Bonnie has kindly shared this wonderful article about the writing of The Dark Side of the Mountain, previously published August 10, 2015 for the Great Lakes Historical Novel Society.
Decades ago I began to research my ancestors, a time-consuming, but enjoyable hobby for many years. During the course of my findings I tried to interest my family in the information, to no avail. Few showed interest. After retiring from teaching English and directing the Writing Lab at the Blue Ash branch of the University of Cincinnati, I entertained the idea of writing an historical novel, believing that the format would be more appealing. The result is The Dark Side of the Mountain published in November 2014 by Soul Mate Publishing.

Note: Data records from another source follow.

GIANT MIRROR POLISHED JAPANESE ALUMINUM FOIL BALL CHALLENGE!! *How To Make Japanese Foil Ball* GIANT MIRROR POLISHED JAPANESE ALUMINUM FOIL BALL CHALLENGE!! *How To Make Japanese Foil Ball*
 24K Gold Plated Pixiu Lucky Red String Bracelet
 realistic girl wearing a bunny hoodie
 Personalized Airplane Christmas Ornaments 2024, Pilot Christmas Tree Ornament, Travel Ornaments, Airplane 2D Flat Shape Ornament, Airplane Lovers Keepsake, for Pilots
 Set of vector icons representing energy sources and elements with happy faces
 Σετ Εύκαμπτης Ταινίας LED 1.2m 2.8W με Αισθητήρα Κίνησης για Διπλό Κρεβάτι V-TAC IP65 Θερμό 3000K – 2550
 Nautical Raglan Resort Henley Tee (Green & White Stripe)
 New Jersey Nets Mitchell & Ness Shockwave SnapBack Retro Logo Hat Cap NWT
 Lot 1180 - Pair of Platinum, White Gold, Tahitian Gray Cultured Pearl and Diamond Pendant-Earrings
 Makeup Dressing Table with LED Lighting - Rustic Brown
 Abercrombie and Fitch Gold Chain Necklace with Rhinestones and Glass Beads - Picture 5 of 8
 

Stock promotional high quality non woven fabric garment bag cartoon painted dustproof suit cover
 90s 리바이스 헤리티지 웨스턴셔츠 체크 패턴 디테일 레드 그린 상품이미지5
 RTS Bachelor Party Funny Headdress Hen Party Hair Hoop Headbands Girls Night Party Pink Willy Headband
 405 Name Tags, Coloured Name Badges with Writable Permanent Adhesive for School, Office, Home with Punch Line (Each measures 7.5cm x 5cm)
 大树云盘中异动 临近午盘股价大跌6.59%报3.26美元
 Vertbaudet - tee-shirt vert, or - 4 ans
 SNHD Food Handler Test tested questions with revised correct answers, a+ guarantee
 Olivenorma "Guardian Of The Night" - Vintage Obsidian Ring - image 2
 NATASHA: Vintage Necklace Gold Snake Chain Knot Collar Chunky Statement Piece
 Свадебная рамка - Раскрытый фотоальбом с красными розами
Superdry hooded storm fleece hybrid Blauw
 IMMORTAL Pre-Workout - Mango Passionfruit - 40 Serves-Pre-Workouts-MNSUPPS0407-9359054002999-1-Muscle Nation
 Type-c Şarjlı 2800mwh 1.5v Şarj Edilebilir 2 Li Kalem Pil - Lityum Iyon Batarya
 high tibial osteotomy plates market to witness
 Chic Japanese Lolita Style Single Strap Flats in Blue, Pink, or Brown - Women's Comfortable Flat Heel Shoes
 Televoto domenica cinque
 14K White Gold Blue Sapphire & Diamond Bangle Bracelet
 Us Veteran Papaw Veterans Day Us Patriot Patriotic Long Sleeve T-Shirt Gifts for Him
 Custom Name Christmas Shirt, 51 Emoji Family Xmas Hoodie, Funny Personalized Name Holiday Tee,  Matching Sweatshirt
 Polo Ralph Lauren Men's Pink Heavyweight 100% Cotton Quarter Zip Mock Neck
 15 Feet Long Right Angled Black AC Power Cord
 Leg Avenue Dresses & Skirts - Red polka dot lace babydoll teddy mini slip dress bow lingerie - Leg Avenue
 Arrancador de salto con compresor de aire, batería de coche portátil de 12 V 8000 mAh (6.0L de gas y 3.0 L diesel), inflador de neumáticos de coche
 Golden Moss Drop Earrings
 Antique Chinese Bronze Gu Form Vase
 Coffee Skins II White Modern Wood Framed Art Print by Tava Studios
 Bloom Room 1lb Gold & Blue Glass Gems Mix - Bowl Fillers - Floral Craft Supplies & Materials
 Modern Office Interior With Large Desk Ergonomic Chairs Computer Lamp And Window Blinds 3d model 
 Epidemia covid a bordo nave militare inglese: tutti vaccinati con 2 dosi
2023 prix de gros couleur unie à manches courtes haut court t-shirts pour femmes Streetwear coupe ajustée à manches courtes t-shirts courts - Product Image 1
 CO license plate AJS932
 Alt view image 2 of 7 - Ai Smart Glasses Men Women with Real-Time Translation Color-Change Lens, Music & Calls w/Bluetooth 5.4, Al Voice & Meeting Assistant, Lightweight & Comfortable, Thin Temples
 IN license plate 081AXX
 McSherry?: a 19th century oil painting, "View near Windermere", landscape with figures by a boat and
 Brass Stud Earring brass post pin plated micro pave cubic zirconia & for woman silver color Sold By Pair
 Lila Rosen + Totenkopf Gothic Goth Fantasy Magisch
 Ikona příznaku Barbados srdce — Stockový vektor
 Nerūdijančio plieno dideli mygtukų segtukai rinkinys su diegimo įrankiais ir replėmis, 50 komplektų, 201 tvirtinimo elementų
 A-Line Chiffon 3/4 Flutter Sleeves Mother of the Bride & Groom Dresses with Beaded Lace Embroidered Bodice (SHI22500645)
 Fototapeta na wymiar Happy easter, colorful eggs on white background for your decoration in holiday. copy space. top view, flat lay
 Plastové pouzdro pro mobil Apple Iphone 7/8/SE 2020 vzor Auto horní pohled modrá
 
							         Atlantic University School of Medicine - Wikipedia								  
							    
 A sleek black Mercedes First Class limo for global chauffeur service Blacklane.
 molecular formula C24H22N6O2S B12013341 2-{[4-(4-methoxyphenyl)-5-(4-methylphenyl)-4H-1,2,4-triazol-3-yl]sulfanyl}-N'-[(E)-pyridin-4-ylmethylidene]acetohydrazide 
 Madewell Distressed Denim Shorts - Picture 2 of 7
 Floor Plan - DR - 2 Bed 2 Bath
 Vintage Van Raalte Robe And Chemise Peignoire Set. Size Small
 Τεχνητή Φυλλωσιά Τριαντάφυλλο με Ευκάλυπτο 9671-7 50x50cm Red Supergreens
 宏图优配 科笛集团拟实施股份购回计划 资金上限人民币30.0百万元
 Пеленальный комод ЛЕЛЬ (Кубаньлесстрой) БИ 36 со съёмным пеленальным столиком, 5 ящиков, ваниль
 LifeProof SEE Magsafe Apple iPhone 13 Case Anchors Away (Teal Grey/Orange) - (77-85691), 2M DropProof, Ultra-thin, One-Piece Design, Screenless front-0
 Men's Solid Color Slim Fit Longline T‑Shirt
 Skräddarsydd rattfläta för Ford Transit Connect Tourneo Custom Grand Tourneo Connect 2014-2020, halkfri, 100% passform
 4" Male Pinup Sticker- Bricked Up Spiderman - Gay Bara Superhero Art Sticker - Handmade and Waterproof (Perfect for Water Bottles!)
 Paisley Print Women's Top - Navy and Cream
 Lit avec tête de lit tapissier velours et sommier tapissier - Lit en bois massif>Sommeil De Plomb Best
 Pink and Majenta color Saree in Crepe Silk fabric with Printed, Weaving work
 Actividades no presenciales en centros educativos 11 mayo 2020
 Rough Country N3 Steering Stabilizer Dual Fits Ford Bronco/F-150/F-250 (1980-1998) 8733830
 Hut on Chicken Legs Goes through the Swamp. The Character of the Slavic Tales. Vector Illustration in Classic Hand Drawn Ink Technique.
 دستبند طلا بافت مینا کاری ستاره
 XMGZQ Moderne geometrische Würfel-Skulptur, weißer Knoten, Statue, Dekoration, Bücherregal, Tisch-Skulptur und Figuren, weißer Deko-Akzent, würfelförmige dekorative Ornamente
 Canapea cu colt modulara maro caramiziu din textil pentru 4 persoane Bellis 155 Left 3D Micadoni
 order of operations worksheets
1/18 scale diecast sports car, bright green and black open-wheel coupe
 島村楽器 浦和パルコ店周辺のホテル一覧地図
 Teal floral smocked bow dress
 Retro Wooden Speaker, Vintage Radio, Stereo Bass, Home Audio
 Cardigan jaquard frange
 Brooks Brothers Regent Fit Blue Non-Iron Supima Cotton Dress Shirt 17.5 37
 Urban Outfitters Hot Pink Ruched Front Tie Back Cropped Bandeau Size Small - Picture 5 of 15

I had discovered fascinating women, women who endured hardships and loss, almost indescribable today. Those were the stories I would tell. I narrowed down my subject to Anna Margaretha Mallow, an Indian massacre survivor. I decided to describe two decades of her tragic life based on the research I had done.
The process of writing this novel, a debut novel, was more difficult than I imagined despite the historical information I had discovered. I found that I needed much more information about the colonial period and the French and Indian War. Complicating matters was the fact that Anna Mallow was German, may never have spoken much English and lived for three years with the French who spoke no German.
There were also discrepancies in her story, told mainly in second hand accounts. For example, most researchers believed that she had three children at the time of her capture at Fort Seybert in 1758. Eventually, I discovered the only firsthand account of the massacre, an ad placed by her husband Michael in 1765 for the return of their son. The ad clarified the number of children, five, and the surviving children, two. Anna lost three children during or shortly after the massacre and captivity of survivors.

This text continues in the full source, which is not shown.